Try and out-obscure this, then! "Greaves. Cunningham" is the end result of over three years of occasional collaborations between one John Greaves (who has worked with Henry Cow, Slapp Happy, Robert Wyatt and Peter Blegvad) and the slightly more famous David Cunningham (ex-Flying Lizard and Michael Nyman producer), originally released in 1991 in Japan, and now up for more widespread appraisal. In the words of the twosome themselves:

"We wanted to explore the technology of sequencers and samplers to find uniqueness; in the same way that analogue devices, electric guitars and so on have their unique sound, such as delay or distortion, we were looking for characteristics special to computer technology, to allow the technology itself to dictate structure and process.
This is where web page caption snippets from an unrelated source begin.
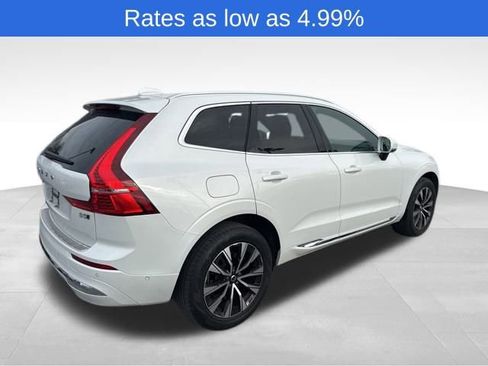 Certified 2023 Volvo XC60 B5 Plus w/ Climate Package image 9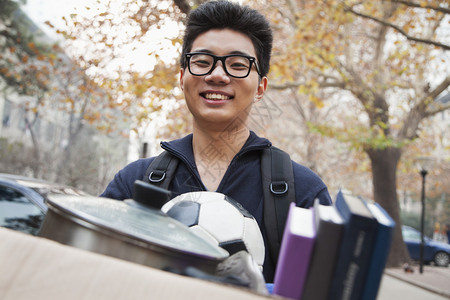 大学宿舍前的学生图片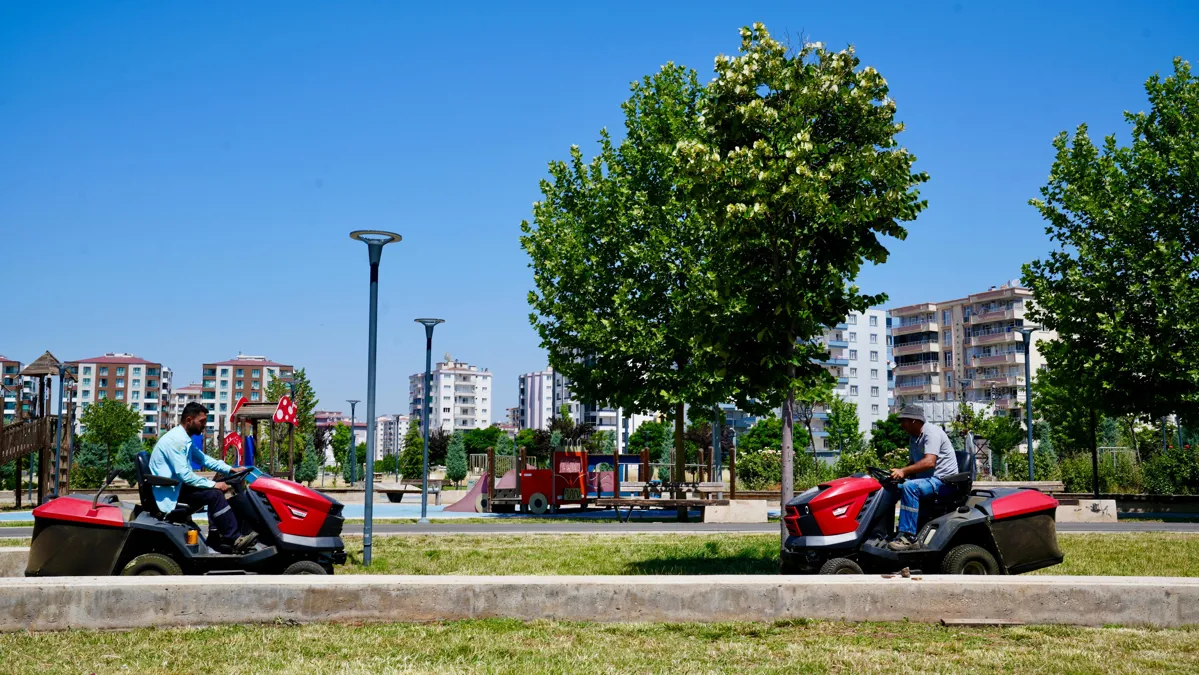 Yeşil alan ve parklarda bakım çalışmaları sürüyor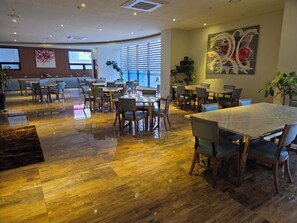Executive lounge - Galmea First Hotel (Guri)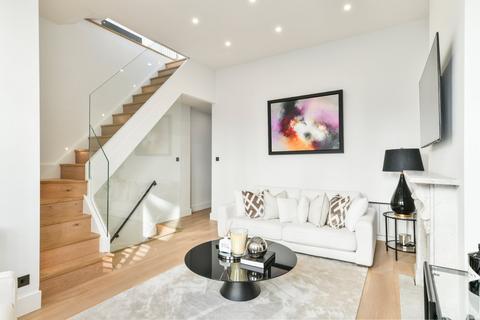 2 bedroom flat for sale, Harrington Gardens, London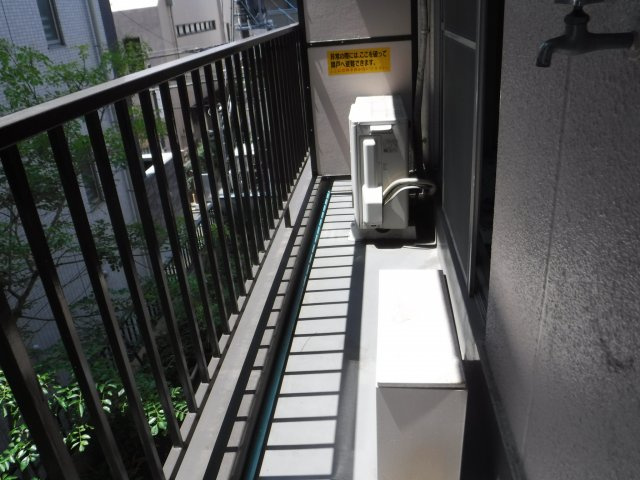 豊田ビルのバルコニー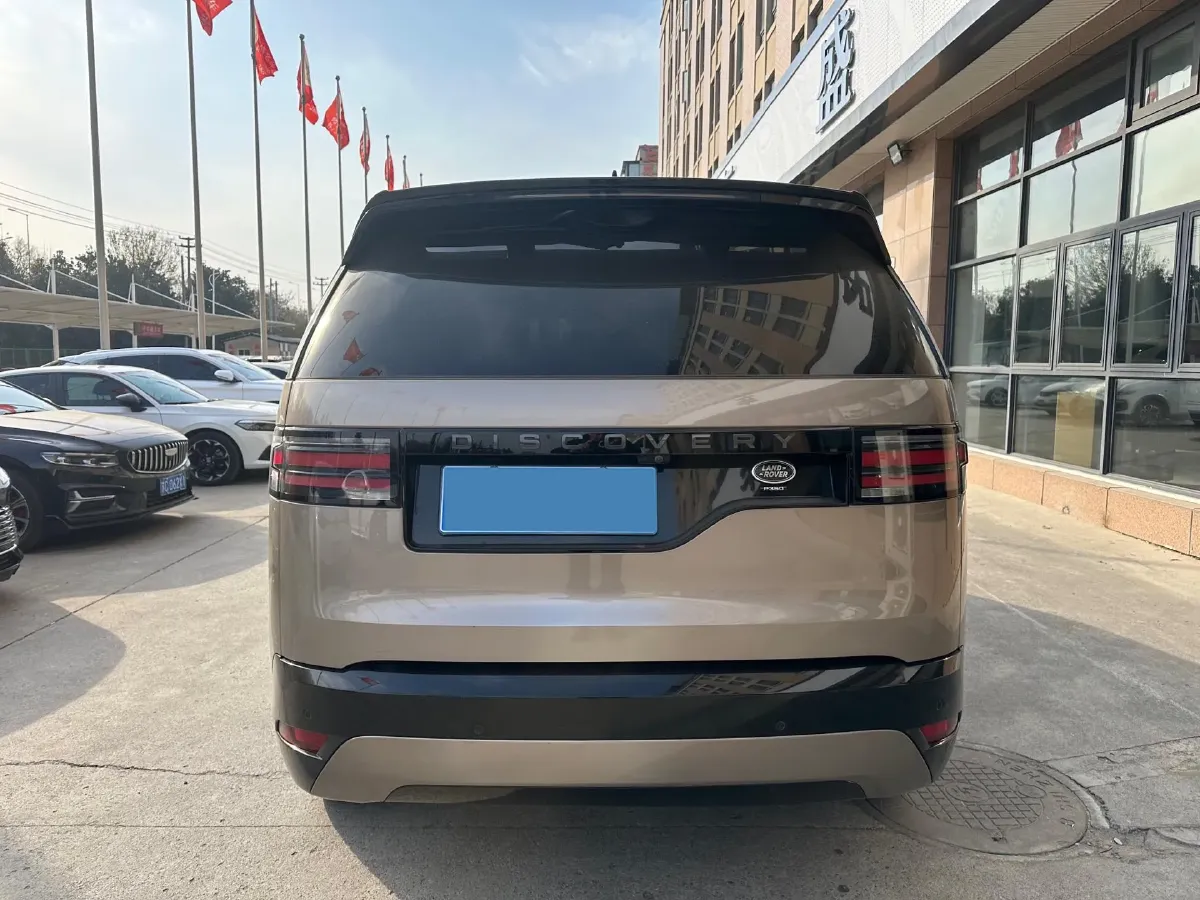 2023 Land Rover Discovery 3.0T 360HP L6 8AT,autocango,china used car exporter,china ev exporter,chinese used car exporter,chinese used ev exporter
One of the reasons for working in this way was to find a way to integrate song structures with the use of studio processes. We adopted this approach as we saw this work developing independently of ourselves and to allow development beyond the bounds of what either of us would instinctively allow".

Well, thanks for clearing that up. The dead giveaway use of words like ‘structure’ and ‘process’, and the fact that both Greaves and Cunningham credit themselves with ‘treatments’ may well have you already thinking of the works of a certain diarist named Brian Peter George St. John Le Baptiste De La Salle, and, now you come to mention it, vast tracts of "Greaves. Cunningham" don’t half sound like the less interesting bits on Professor Eno’s mid-70s ‘song’ albums, aided and abetted by John Greaves’ very Eno/John Cale vocals and catchy, singalong lyrics like "Decent man, inner greyness/Unfamiliar engines, black scent/Symbolic engine, definite biology". Which is, of course, not a terrible crime, but a bit platform boot this close to the millennium now that anyone in the slightest bit interested in "characteristics special to computer technology" is making evil madbastard dance music. All very nice, frequently charming, but can I play my Daft Punk album again now, please?